Chodzą takie ploty na mieście, że da się pojechać na dłuższą wycieczkę pakując cały stuff do walizki o takich wymiarach. Na osobistym przykładzie mogę powiedzieć – wcale, że się nie da! Choćbym nie wiem jak starała się upchnąć wszystkie szpargały do takiego maleństwa to i tak wychodzą bokiem. Nie ruszę się bez suszarki do włosów (a jest wielka jak holenderska krowa), bez czytnika i pokaźnej kosmetyczki (i bez tej drugiej też), a muszę zaznaczyć, że nie jestem typem pięknisi patrzącej w lustro po parę godzin dziennie. Sama tłumaczę sobie moje trudy w roli pakowacza tym, że jestem pączkiem więc i moje ciuchy muszą zajmować przestrzeń. Dlatego właśnie kupuję bagaż rejestrowany o maks. wadze 23 kg, który w KLM kosztuje fortunę (84 zł w jedną stronę) 😉
Autorem udostępnionych zdjęć jest mój instagramowy znajomy Johan vel Zoezoquinha. John jest przemiłym mieszkańcem Amsterdamu i na jego profilu można znaleźć świetne zdjęcia z Schiphol. Poza tym zawsze daje czerwone serduszko moim zdjęciom więc podwójnie go lubię! 😉
Piekielne machiny
Bezobsługowa odprawa i zdanie bagażu na Schiphol stresowały mnie najbardziej. No bo jak to tak? Mam rozmawiać z maszyną, zero czynnika ludzkiego, miłych uśmiechów i pomocnych dłoni? A do tego jeszcze ten mały checkbox w systemie “pasażer niepełnosprytny”, który uniemożliwił mi odprawę online w Krakowie.
Na lotnisku zjawiłam się wcześnie rano. Z wydrukowanym planem hali odlotów powędrowałam ku stanowiskom 14 i 15 gdzie miałam znaleźć automaty do samodzielnej odprawy. Na ich małe skupisko trafiłam wcześniej, tuż przed schodami. Poza mną nie było w okolicy nikogo i tylko strach o wielkich oczach wyglądał zza winkla. Do odważnych świat należy! – pomyślałam sobie i pacnęłam paluchem w ekran. Zamrugał na niebiesko i wyświetlił mi prosty wizard, który prowadził mnie krok po kroku przez odprawę.
To co mogę powiedzieć dziś to po pierwsze nie lękaj się. Aplikacja jest intuicyjna, a komunikaty po angielsku napisane są prostym językiem.

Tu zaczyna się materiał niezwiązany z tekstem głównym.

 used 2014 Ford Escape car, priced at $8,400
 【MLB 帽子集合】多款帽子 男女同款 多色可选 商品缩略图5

Jeśli poruszasz się w strefie Schengen nie musisz grzebać w torebce czy plecaku w poszukiwaniu dokumentów. Wystarczy, że przygotujesz zawczasu nr biletu lub rezerwacji. Po ich wprowadzeniu wyświetlą się szczegóły rezerwacji, a oprogramowanie przeprowadzi Cię płynnie przez check-in. Zaraz po pozytywnej odprawie pojawi się ekran z wyborem bagażu. Nie ukrywam, że bardzo mnie zaskoczył i sprawił trudności. Było to spowodowane niedospaniem lub nieprawidłowym odczytaniem komunikatów – whatever. Na ekranie pojawiła się możliwość dodania bagażu i komunikat o możliwych sposobach płatności. Ponieważ bagaż wykupiłam wcześniej nie miałam pojęcia co zrobić. Stałam tak chwilę aż sesja wygasła. Zostałam tylko ja i piekielna machina.

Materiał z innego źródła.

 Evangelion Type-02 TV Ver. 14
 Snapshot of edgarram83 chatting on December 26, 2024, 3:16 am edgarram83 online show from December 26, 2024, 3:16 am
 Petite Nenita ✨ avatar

Z pomocą przyszedł mi przypadkowy pasażer (wcale nie przyszedł tylko zaciągnęłam go siłą – ale to jest top secret). Jak się okazało myk polegał na tym, że po dodaniu jednej sztuki bagażu system wyświetlił okrągłe zero do zapłaty i mogłam dzielnie dokończyć zadanie i wydrukować kartę pokładową.

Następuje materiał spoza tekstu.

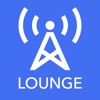 Radio Channel Lounge FM Online Streaming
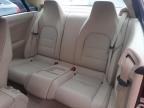 2015 MERCEDES BENZ E250 CDI A for sale at Copart WOLVERHAMPTON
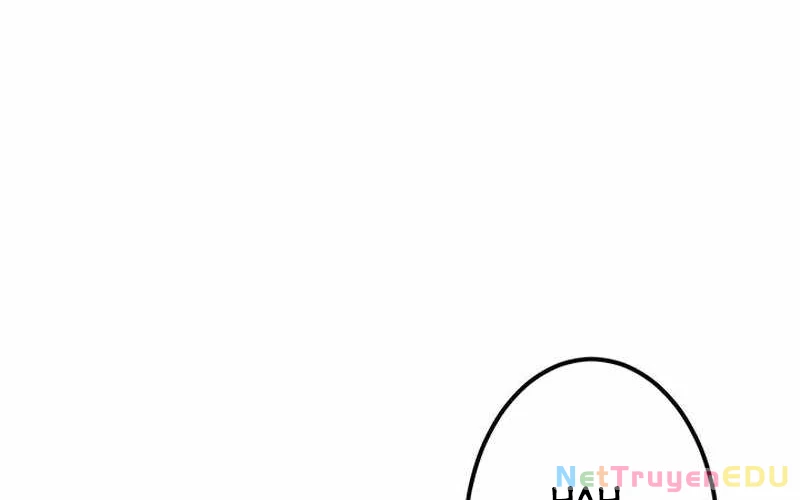 Vượt Cấp Với Kỹ Năng Thần Thánh Chapter  2 - 14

Pan Pomocny zlitował się nad biednym polskim stworzeniem i pilnował mnie aż do samej kontroli bezpieczeństwa za co jestem mu ogromnie wdzięczna. Tym bardziej, że leciał w innym kierunku.
Odprawa bagażu na Schiphol również jest bezobsługowa, a maszyny znajdują się w wydzielonej strefie przy wspomnianych stanowiskach 14 i 15. Tu pasażerom – zarówno w odprawie jak i w nadaniu bagażu – pomagają pracownicy KLM. Cały proces jest banalny. Wystarczy umieścić bagaż w luku i przyłożyć boarding pass do czytnika. Aplikacja zadaje kilka prostych pytań np. o to czy ktoś obcy, aby nie macał Twej czerwonej torby. Na koniec automat drukuje naklejkę do oznakowania bagażu, a po wciśnięciu przycisku “Niniejszym oświadczam, iż wykonałem wszystko jak należy poproszę o oreder i skrzynię pełną złota” wciąga Twój bagaż do czeluści.
Schiphol
Schiphol to gigantyczne i zarazem świetnie oznakowane lotnisko. Dzięki drogowskazom szybko (Co ja gadam! Po prostu łatwo 😉 ) przemieścisz się do punktów docelowych. Ja polecam też dla spokoju ducha wydrukowanie planów hali przylotów i odlotów. Z perspektywy powiem, że nie są potrzebne ale trzymanie ich w dłoni automatycznie dodaje +3000 punktów do animuszu.
Hala odlotów:
Wow, co za relacja. Ja lecę za trzy miesiące tymi liniami do Amsterdamu, gdzie mam przesiadkę.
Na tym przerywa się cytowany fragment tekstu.